0

In many cases, I have a function that accepts many strings:

export const acceptsManyStrings = (one: string, two: string, three: string) => {
    return one.slice(0,1) + two.slice(0,2) + three.slice(0,3);
}

because from a type perspective, the arguments are interchangeable, I may get the order wrong, pass two instead of one, or whatever.

Is there some way I could type each of the arguments somehow?

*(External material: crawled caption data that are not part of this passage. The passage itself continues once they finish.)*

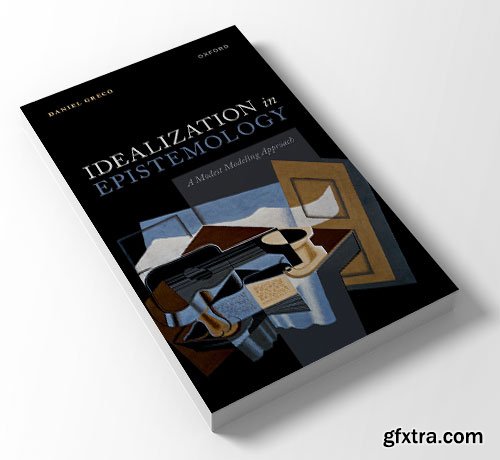 Idealization in Epistemology: A Modest Modeling Approach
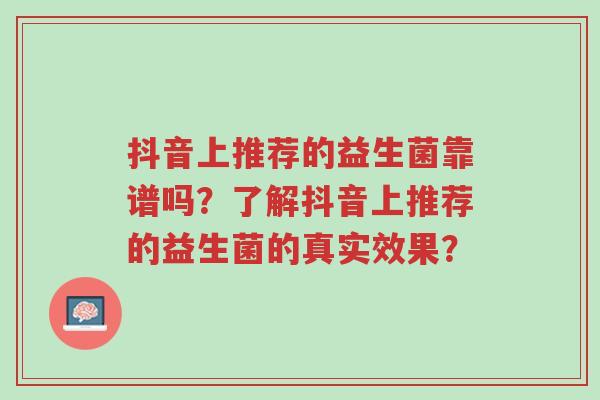 抖音上推荐的益生菌靠谱吗?了解抖音上推荐的益生菌的真实效果?-第1张图片-超越 抖音上推荐的益生菌靠谱吗?了解抖音上推荐的益生菌的真实效果?-第1张图片-超越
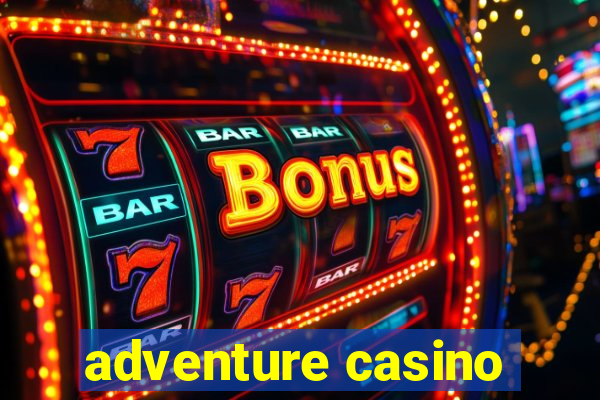 adventure casino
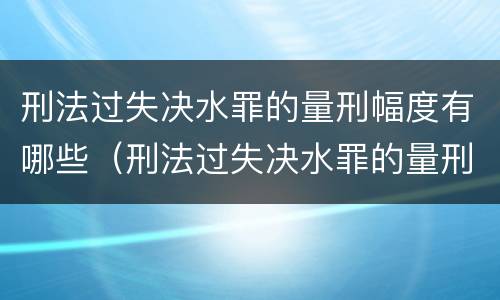 刑法过失决水罪的量刑幅度有哪些（刑法过失决水罪的量刑幅度有哪些规定）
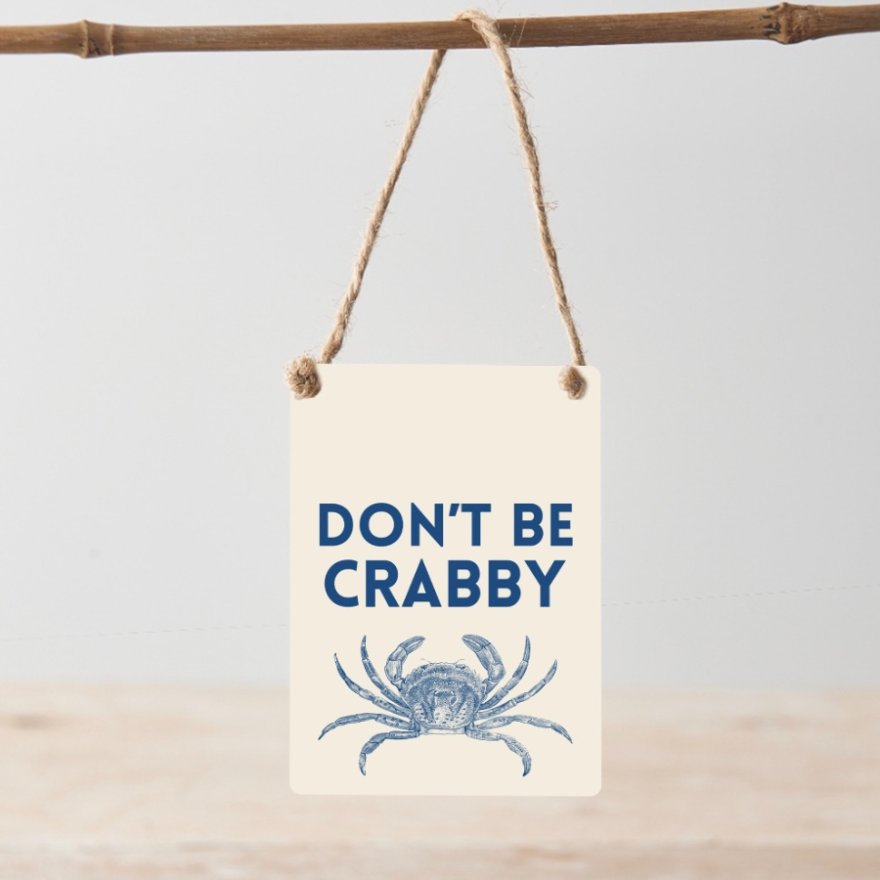 Hanging Don't Be Crabby Metal Sign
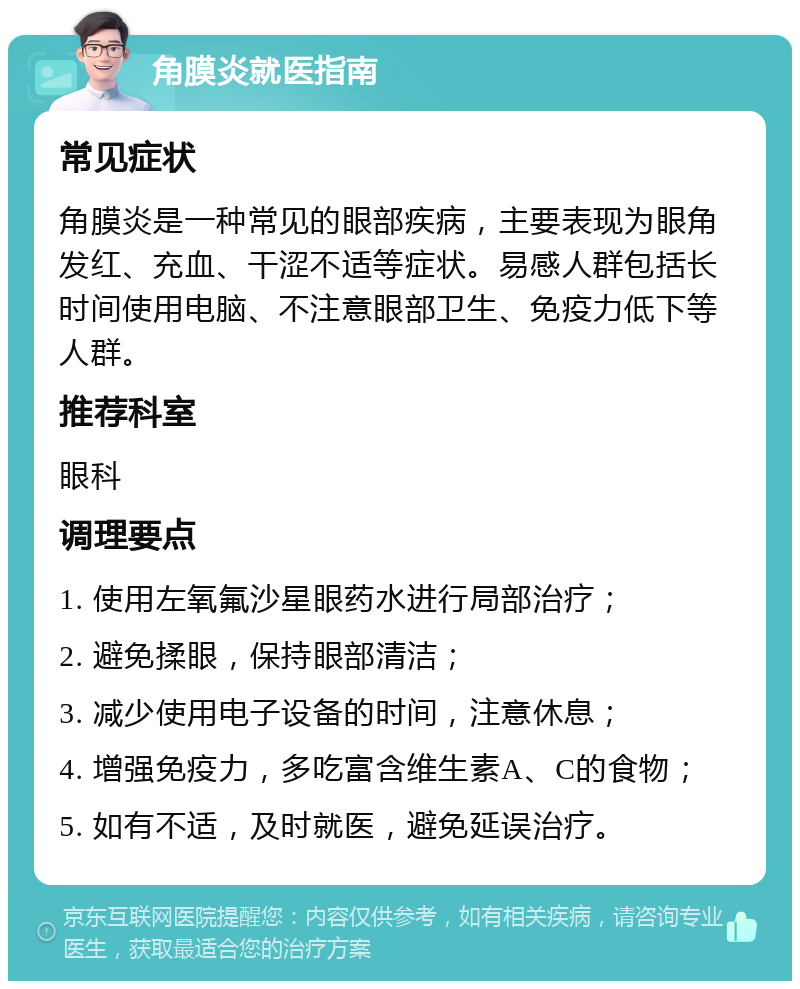 角膜炎就医指南 常见症状 角膜炎是一种常见的眼部疾病，主要表现为眼角发红、充血、干涩不适等症状。易感人群包括长时间使用电脑、不注意眼部卫生、免疫力低下等人群。 推荐科室 眼科 调理要点 1. 使用左氧氟沙星眼药水进行局部治疗； 2. 避免揉眼，保持眼部清洁； 3. 减少使用电子设备的时间，注意休息； 4. 增强免疫力，多吃富含维生素A、C的食物； 5. 如有不适，及时就医，避免延误治疗。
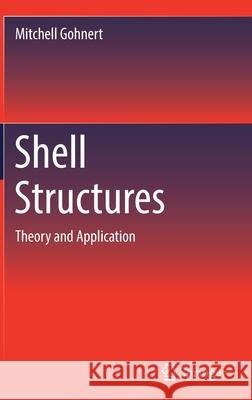 Shell Structures: Theory and Application Mitchell Gohnert 9783030848064 Springer - książka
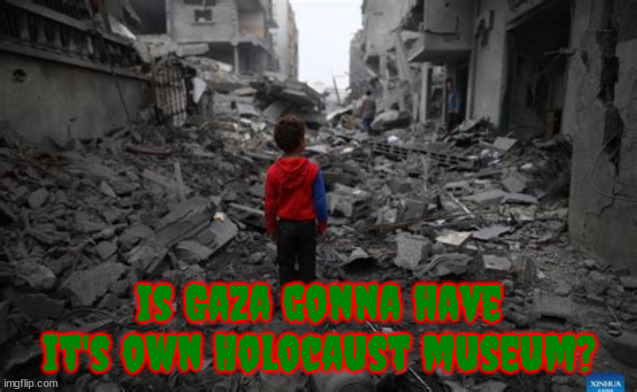 Gaza genocide | Is Gaza gonna have it's own Holocaust museum? | image tagged in gaza 37000 dead,holocast,war crimes,idf fascist killers,bibi nazinyahoo,maga morons | made w/ Imgflip meme maker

The only way I can think of is a dumb way, something like this:

export interface OneStr {
  one: string
}

export interface TwoStr {
  two: string
}

export interface ThreeStr {
  three: string
}

and then use it like so:

export const acceptsManyStrings = (one: OneStr, two: TwoStr, three: ThreeStr) => {
    return one.one.slice(0,1) + two.two.slice(0,2) + three.three.slice(0,3);
}

but that solution is pretty suboptimal for the obvious reasons. Any ideas?

Alexander Mills
  • 90,741
  • 139
  • 482
  • 817

1 Answers1

4

If you want to avoid the posibility of wrong parameter order, I would recommend you use a single parameter and have it be an object containing all the curent arguments as fields. That way when calling it will be obvious which value is which parameter (this is a pretty common Javascript approach):

export const acceptsManyStrings = (o: { one: string, two: string, three: string }) => {
    return o.one.slice(0, 1) + o.two.slice(0, 2) + o.three.slice(0, 3);
}

acceptsManyStrings({ one: "", two:"", three:"" })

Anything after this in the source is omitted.